*** PROVIDED INFORMATION ***

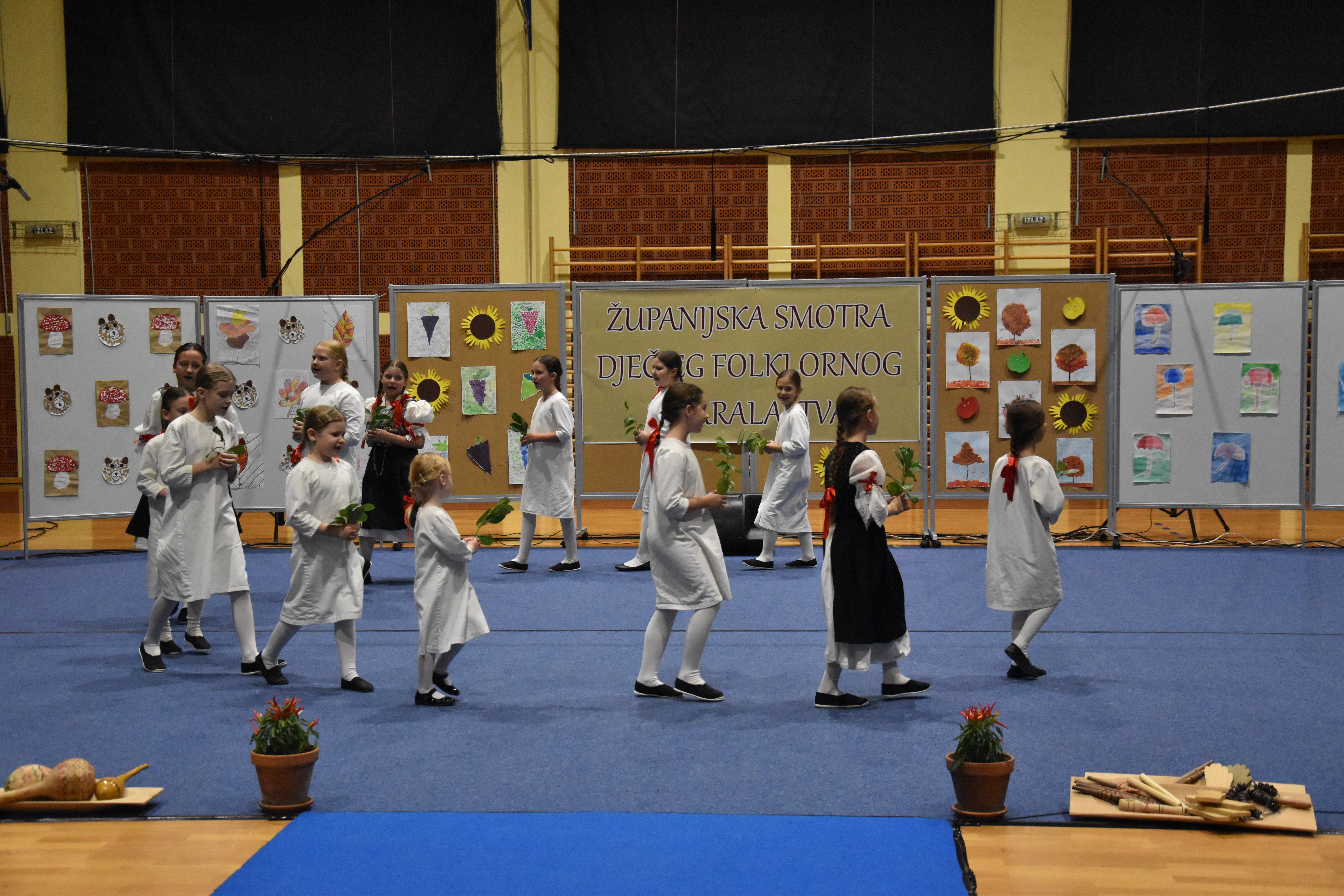 Smotra u Maloj Subotici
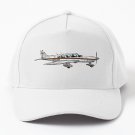 Piper Cherokee 6 260 N7690F Baseball Cap Casquette Trucker Hat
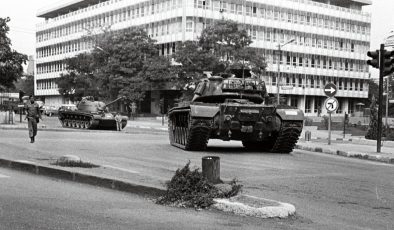 12 Eylül 1980 darbesi: Türkiye’nin belleğindeki karanlık…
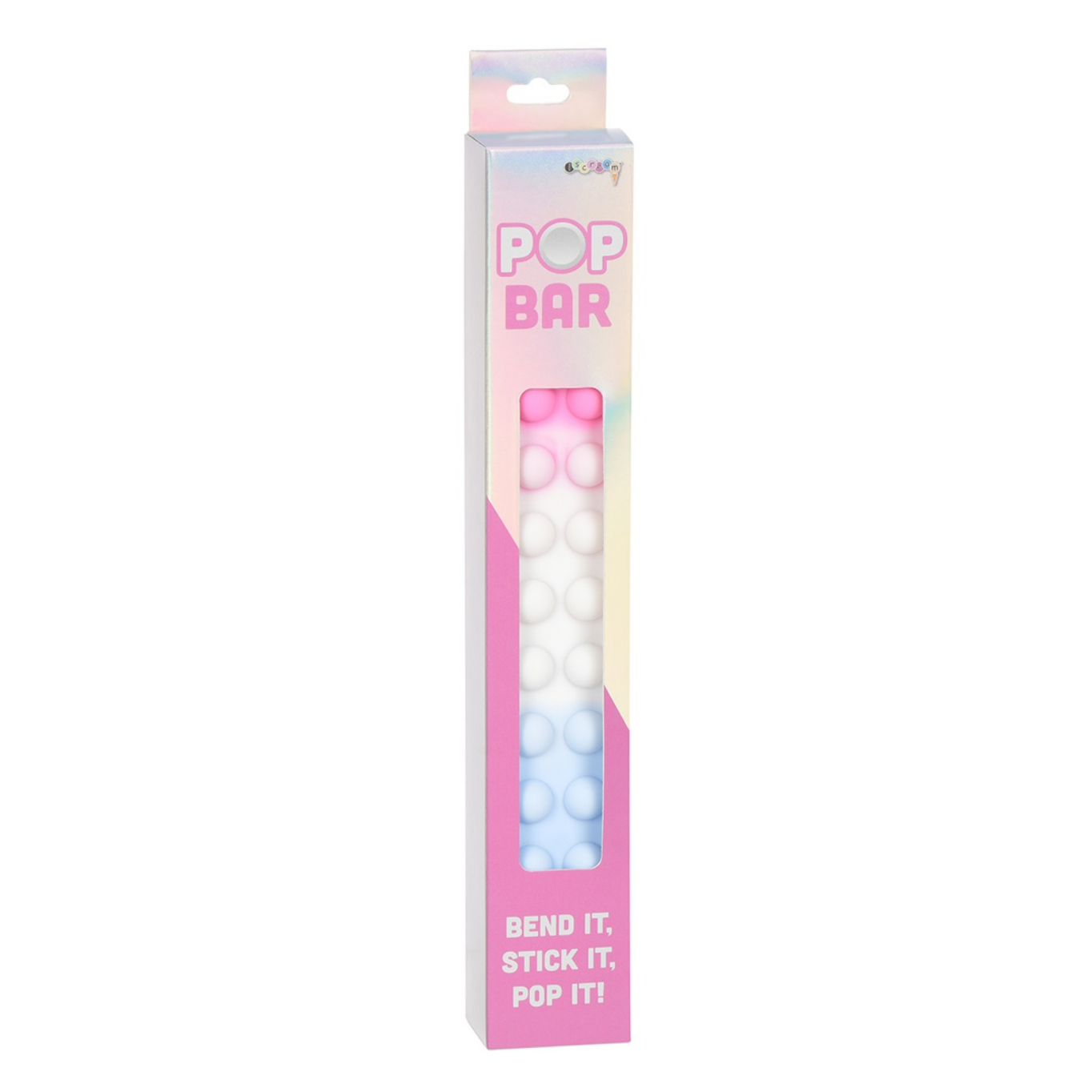 POPPER BAR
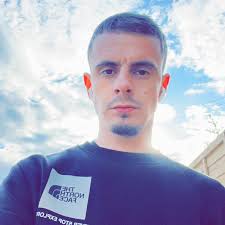 Rapper Dean Stanbury is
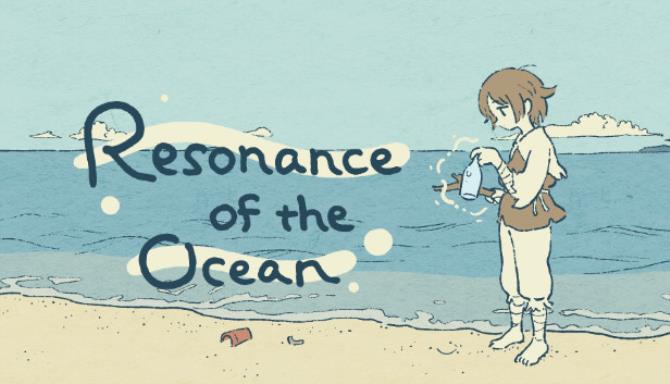 Resonance of the Ocean Free Download
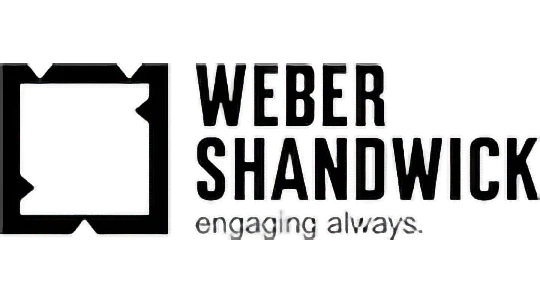 Customer - Weber Shandwick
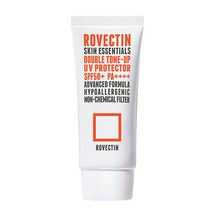 로벡틴 무기자차 더블 톤업 선크림 SPF50+ PA++++, 50ml, 12개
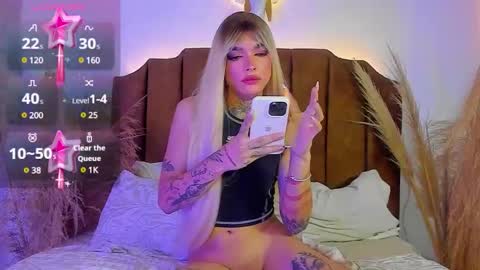 alicejhonsonn online show from 5, 3, 2025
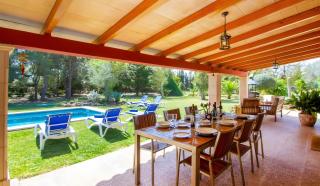 Private Villa Oasis Des Trenc - Ses Covetes - 6
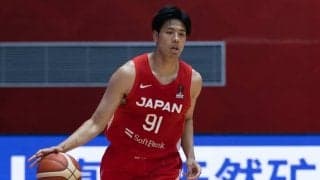 アジア杯で主力として活躍した吉井裕鷹「フィジカルが通用したのは収穫」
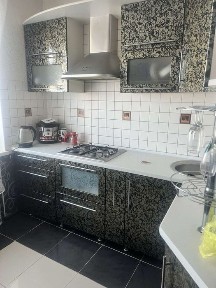 Оренда 2к. кв Вул. Океанівська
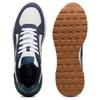 Puma Graviton Unisex Casual Sneakers Vapor Gray Club Navy 380738-62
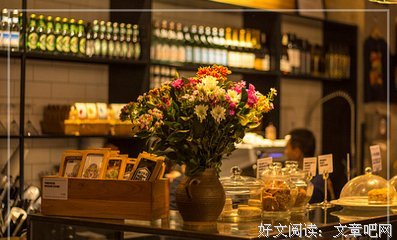 故事|熊猫眼镜店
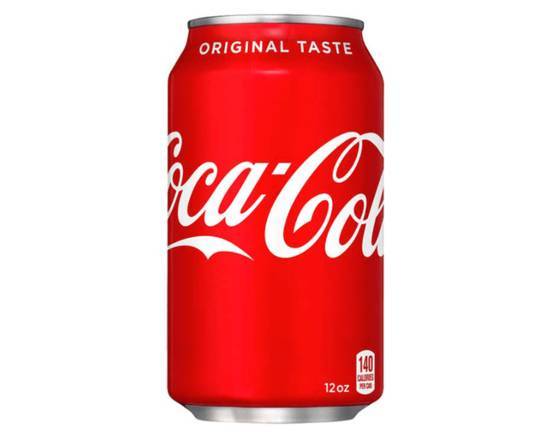 Order Coke - Can food online from PB Food Court store, San Diego on bringmethat.com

***

#### TO DO:
Leave out the pictures, and extract exactly the lines from the one with "Puma Graviton Unisex" through the end of the records, both ends included.

#### ANSWER FOR THIS EXERCISE:
 Puma Graviton Unisex Casual Sneakers Vapor Gray Club Navy 380738-62
 故事|熊猫眼镜店
 Order Coke - Can food online from PB Food Court store, San Diego on bringmethat.com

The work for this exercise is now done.